------ Listed records

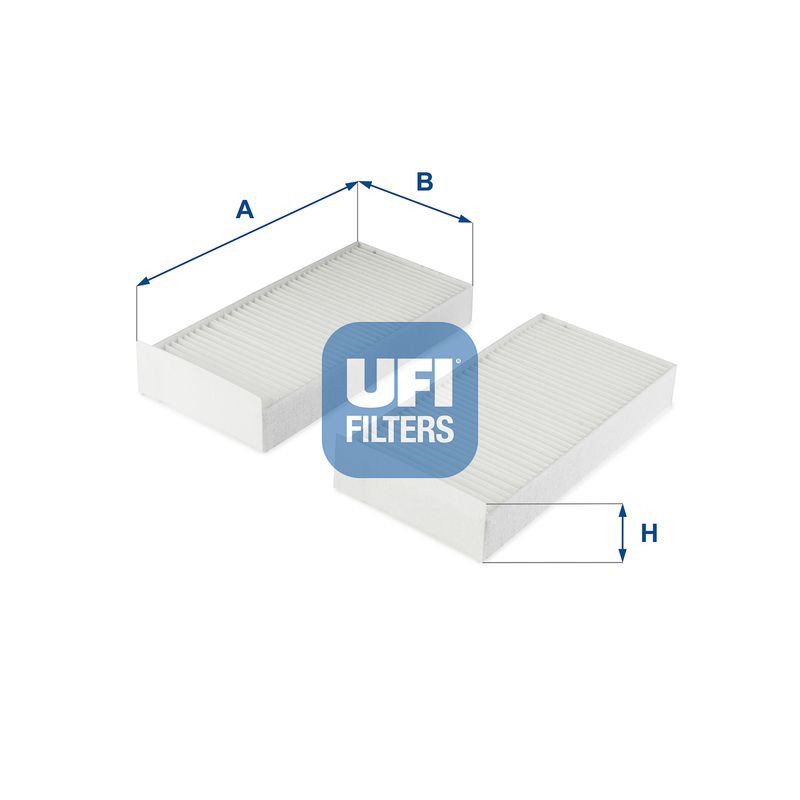 UFI 53.332.00 Filter, cabin air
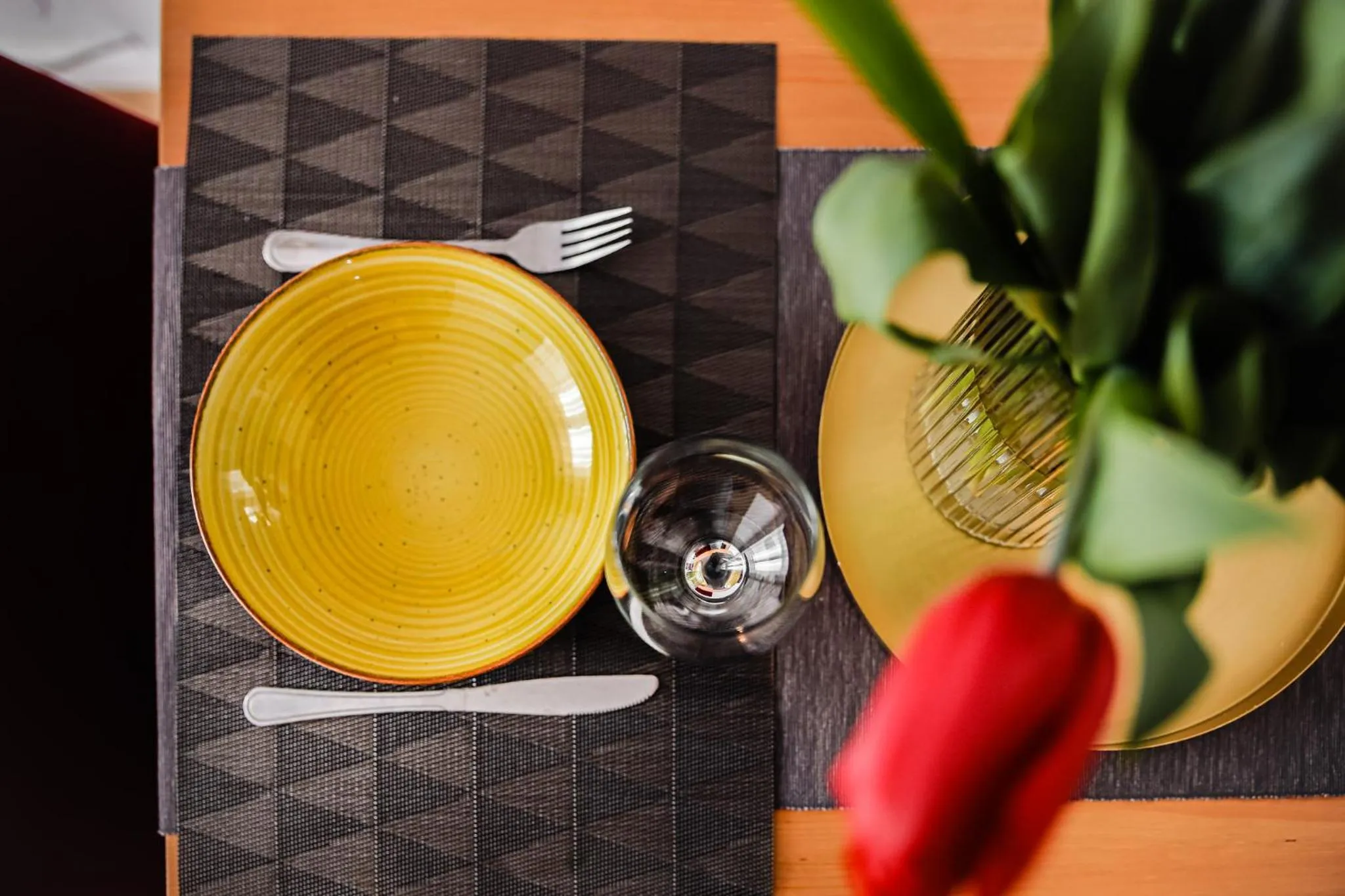 Decorative detail in City Apartment Dorobantilor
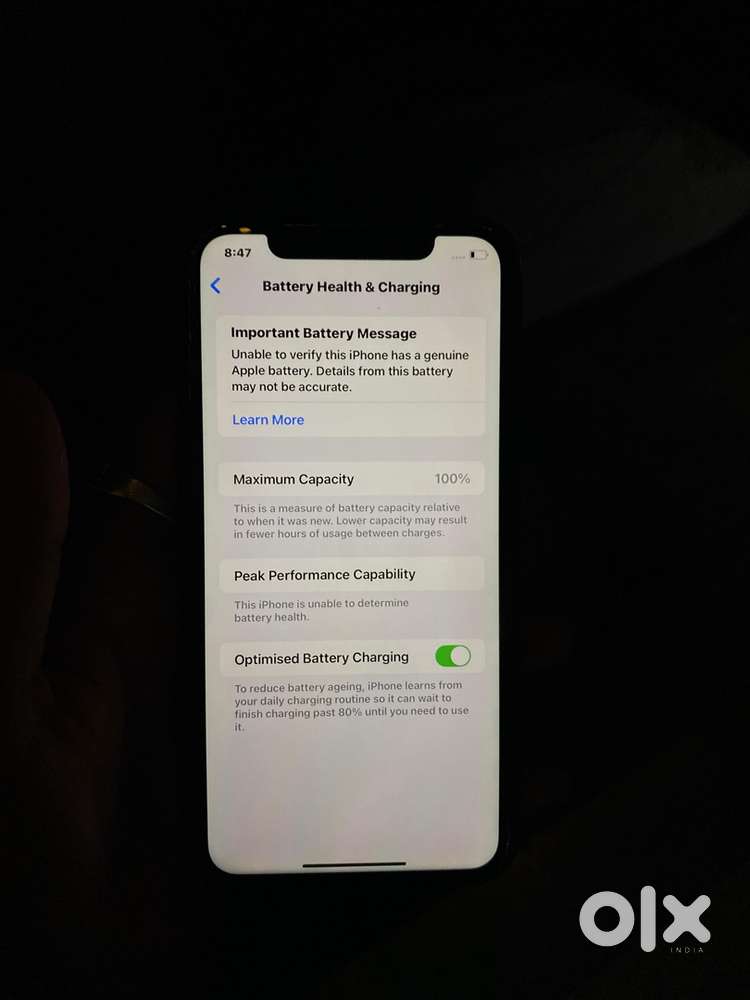 iphn 11 black color all ok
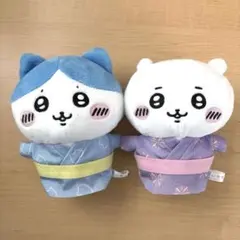 ちいかわ 浴衣 ぬいぐるみ マスコット 3種セット - メルカリ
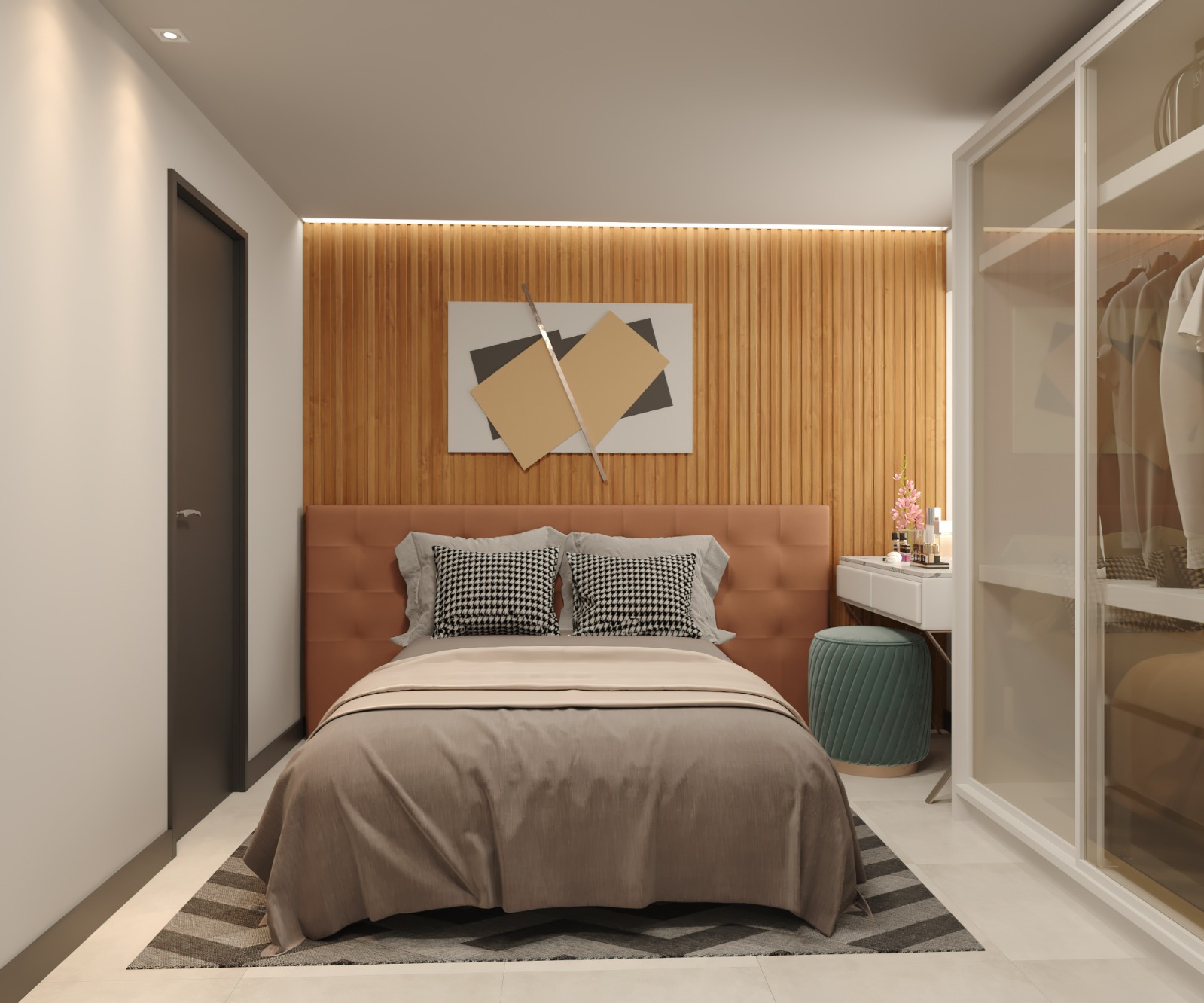 Apartamento à venda com 2 quartos, 46m² - Foto 3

------------

[What you will do] Retype every record as it stands. None of the pictures should appear.

[Exercise output]
 UFI 53.332.00 Filter, cabin air
 Decorative detail in City Apartment Dorobantilor
 iphn 11 black color all ok
 ちいかわ 浴衣 ぬいぐるみ マスコット 3種セット - メルカリ
 Apartamento à venda com 2 quartos, 46m² - Foto 3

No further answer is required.